> _What is required_
Output should begin at the line holding "men's shoes Double" and end at the last line of the entries; print those lines verbatim and no others.

> _Record excerpts_
§ §

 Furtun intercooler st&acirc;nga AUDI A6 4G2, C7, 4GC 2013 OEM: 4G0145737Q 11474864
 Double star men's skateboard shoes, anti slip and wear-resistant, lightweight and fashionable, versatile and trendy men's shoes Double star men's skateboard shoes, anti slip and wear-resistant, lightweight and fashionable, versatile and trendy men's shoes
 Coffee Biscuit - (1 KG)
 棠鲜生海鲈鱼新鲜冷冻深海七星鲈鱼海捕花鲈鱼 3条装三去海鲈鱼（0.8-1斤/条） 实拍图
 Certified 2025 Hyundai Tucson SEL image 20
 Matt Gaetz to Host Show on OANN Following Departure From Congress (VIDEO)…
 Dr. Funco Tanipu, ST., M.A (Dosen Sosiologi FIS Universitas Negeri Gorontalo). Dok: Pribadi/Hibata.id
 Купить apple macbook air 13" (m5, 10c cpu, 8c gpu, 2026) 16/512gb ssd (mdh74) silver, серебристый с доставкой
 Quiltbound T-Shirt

§ §

> _Answer for the task_
 Double star men's skateboard shoes, anti slip and wear-resistant, lightweight and fashionable, versatile and trendy men's shoes Double star men's skateboard shoes, anti slip and wear-resistant, lightweight and fashionable, versatile and trendy men's shoes
 Coffee Biscuit - (1 KG)
 棠鲜生海鲈鱼新鲜冷冻深海七星鲈鱼海捕花鲈鱼 3条装三去海鲈鱼（0.8-1斤/条） 实拍图
 Certified 2025 Hyundai Tucson SEL image 20
 Matt Gaetz to Host Show on OANN Following Departure From Congress (VIDEO)…
 Dr. Funco Tanipu, ST., M.A (Dosen Sosiologi FIS Universitas Negeri Gorontalo). Dok: Pribadi/Hibata.id
 Купить apple macbook air 13" (m5, 10c cpu, 8c gpu, 2026) 16/512gb ssd (mdh74) silver, серебристый с доставкой
 Quiltbound T-Shirt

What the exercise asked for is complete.